*** Opening EXTRACTED ENTRIES ***
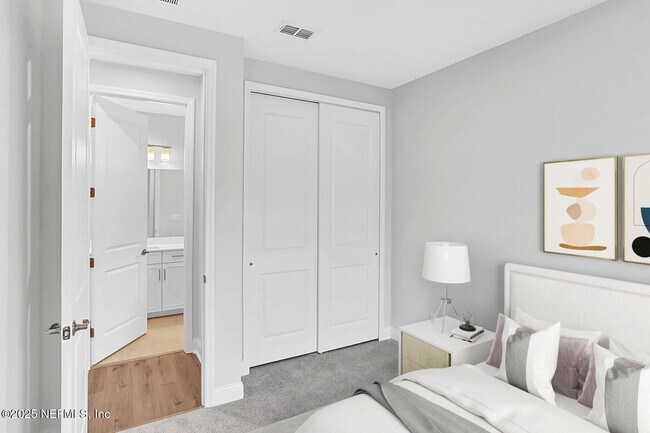 Building Photo - 101 Silkgrass Pl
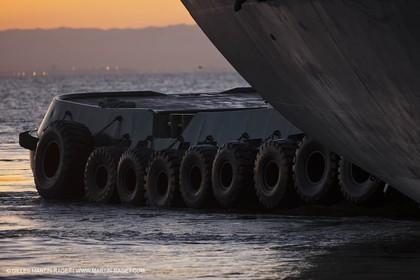 01 03 2011 - San Frnacisco (USA,CA) - Operations portuaires - détails de navires - déchargement de navire - containers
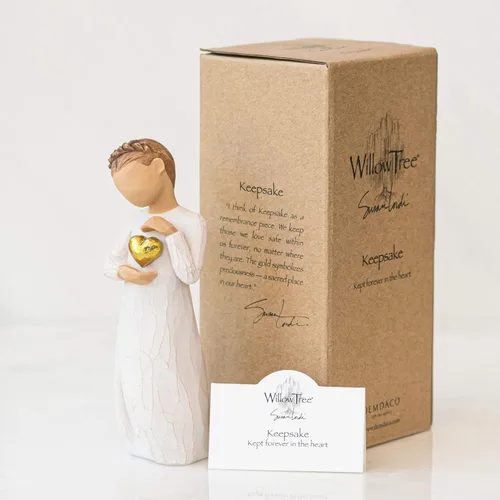 Miniatura 5 de Willow Tree Keepsake, Guardado para siempre en el corazón, figura sosteniendo un corazón de hoja de oro, una expresión de amor y cuidado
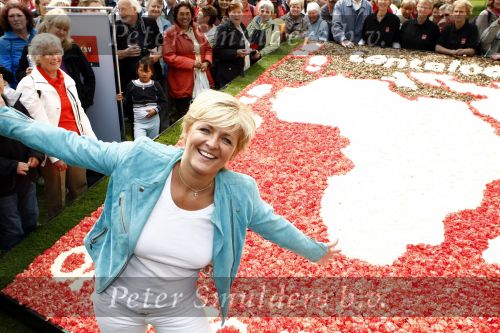 Lisse 9 mei 2009
Caroline Tensen tijdens NCRV loop in de keukenhof. De opbrengst gaat naar orange babies.
Peter Smulders bv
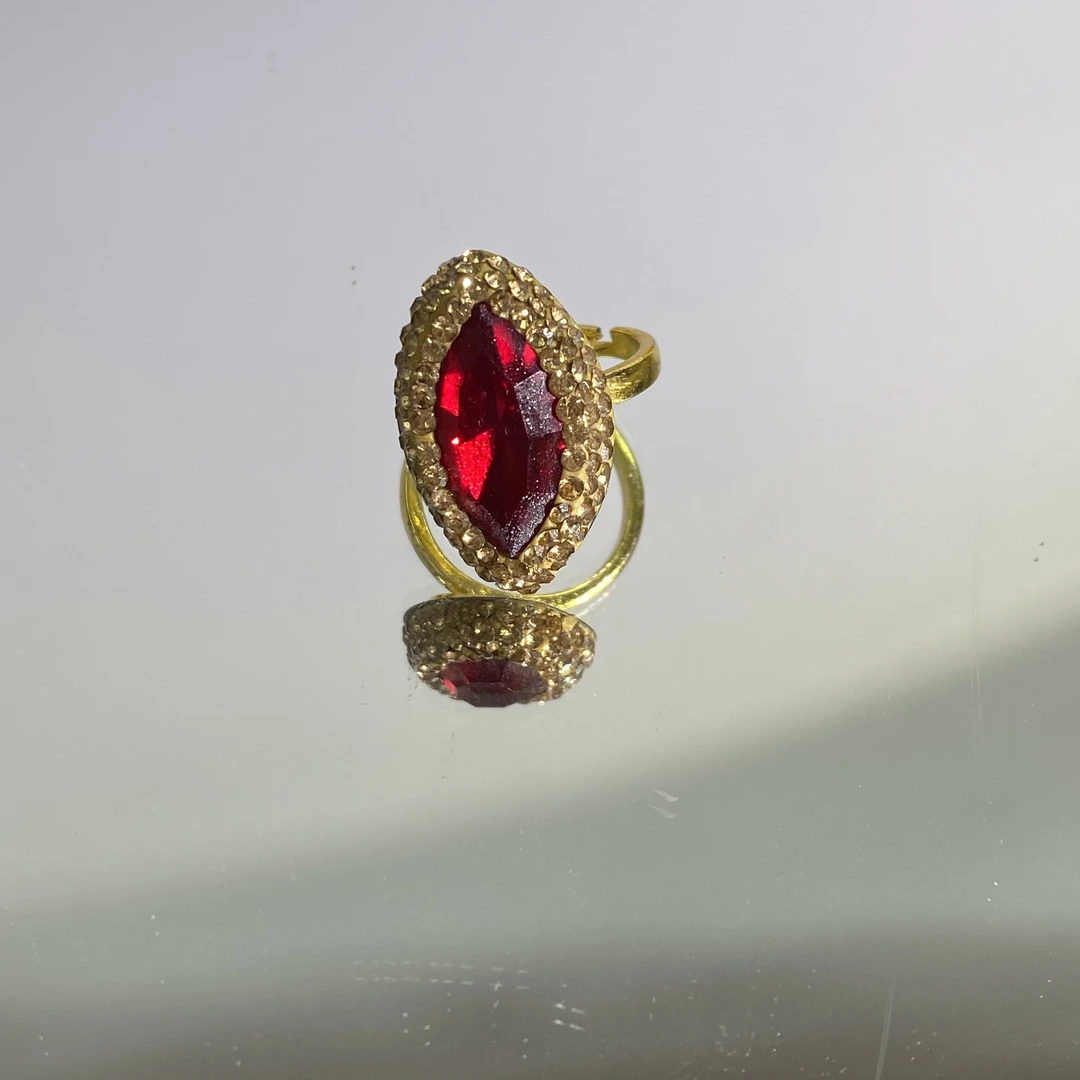 铜合金合成锆石戒指 TTSD 红色菱形轻奢款戒指 1122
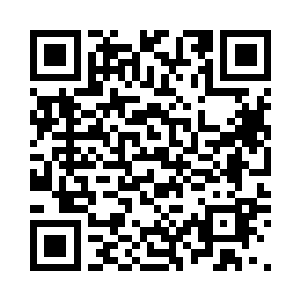 刘一维脸上的尴尬之色这才渐渐消失二维码生成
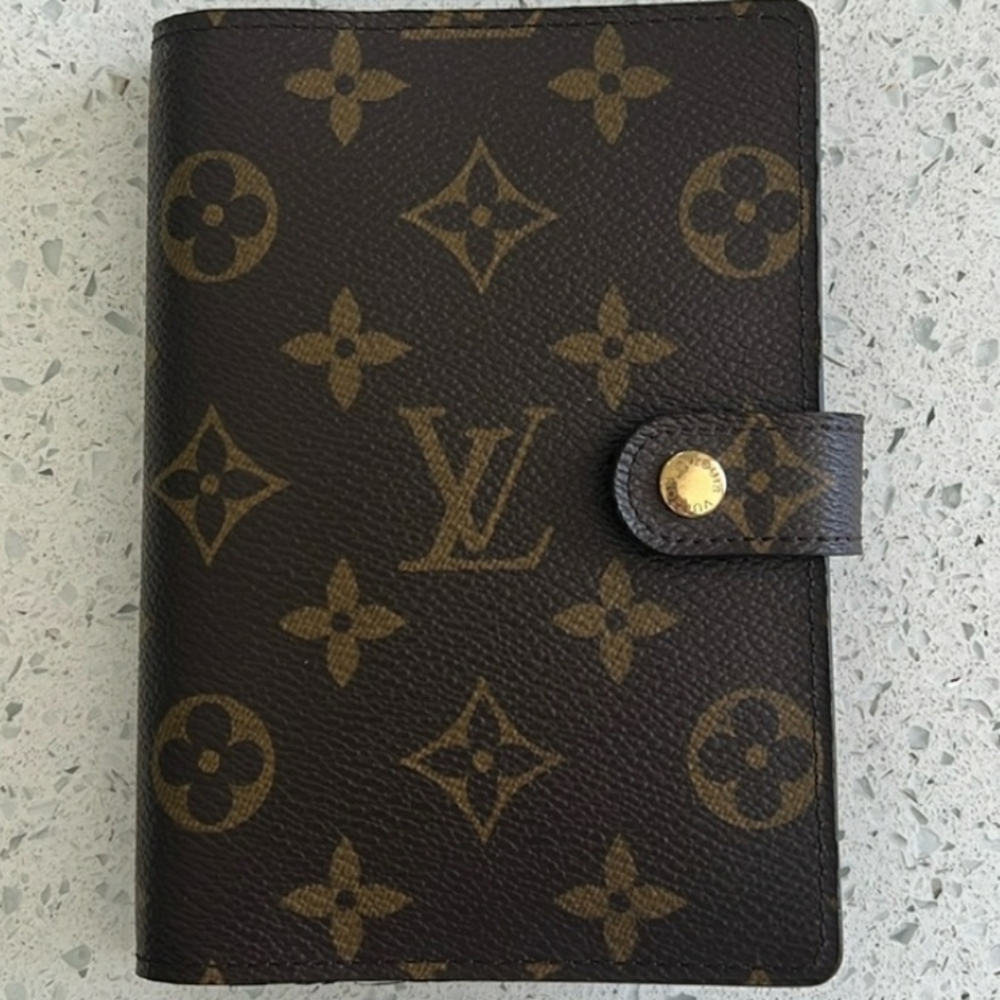 Louis Vuitton PM Agenda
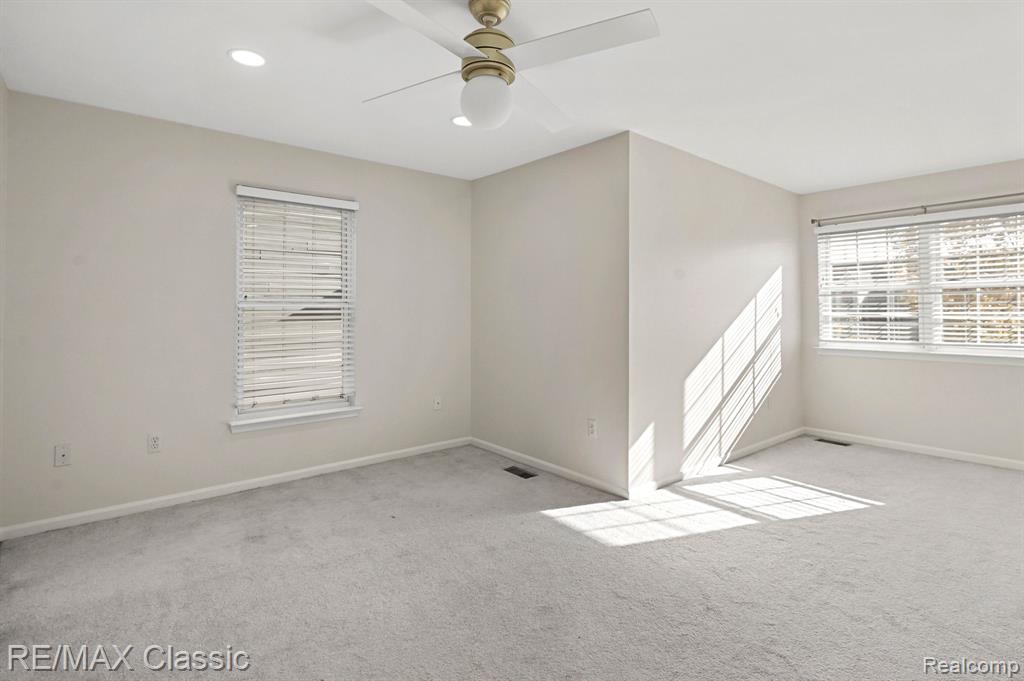 43008 EMERSON Way, Novi, MI — Photo 26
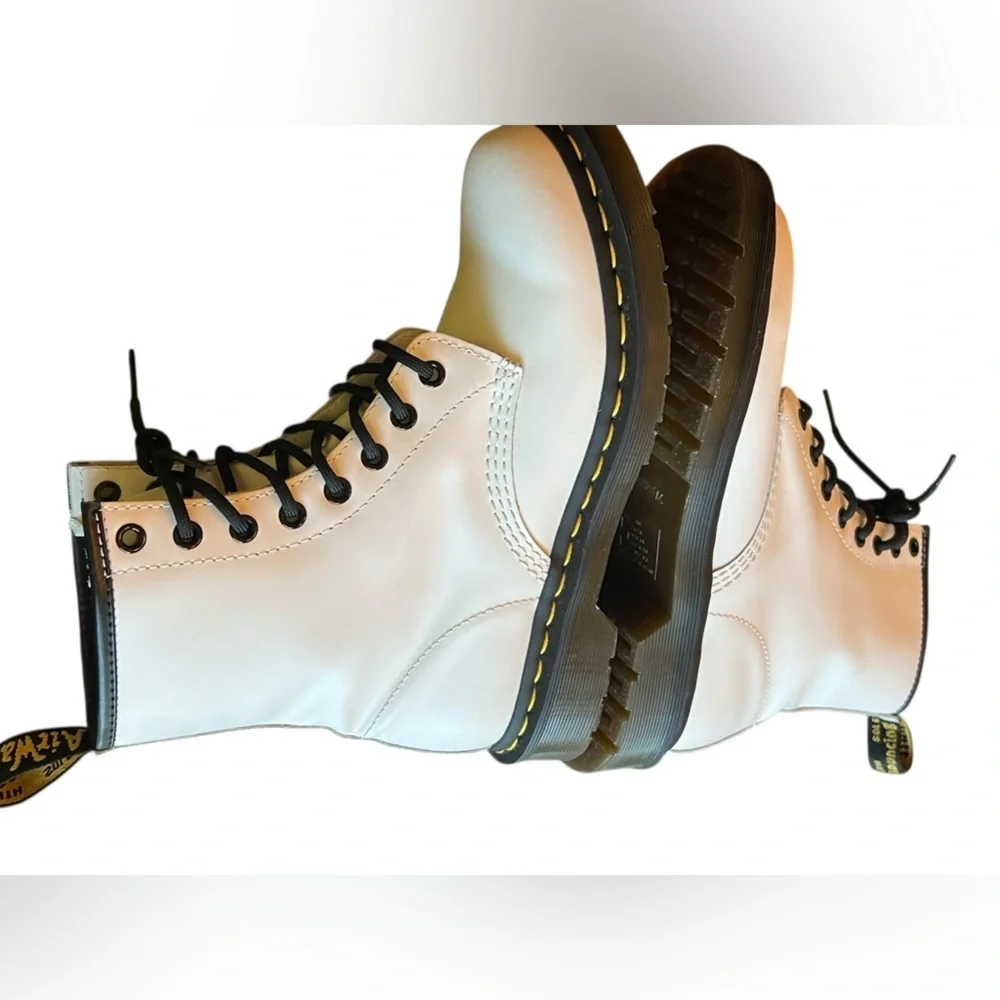 Dr. Martens Gold Air Cushion Sole Size 7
*** Closing EXTRACTED ENTRIES ***
**WHAT YOU HAVE TO DO:**
Only the lines from the line that contains "Peter Smulders bv" through the end of the entries are to be written out, exactly and without pictures, both ends included.

**TASK RESULT:**
Peter Smulders bv
 铜合金合成锆石戒指 TTSD 红色菱形轻奢款戒指 1122
 刘一维脸上的尴尬之色这才渐渐消失二维码生成
 Louis Vuitton PM Agenda
 43008 EMERSON Way, Novi, MI — Photo 26
 Dr. Martens Gold Air Cushion Sole Size 7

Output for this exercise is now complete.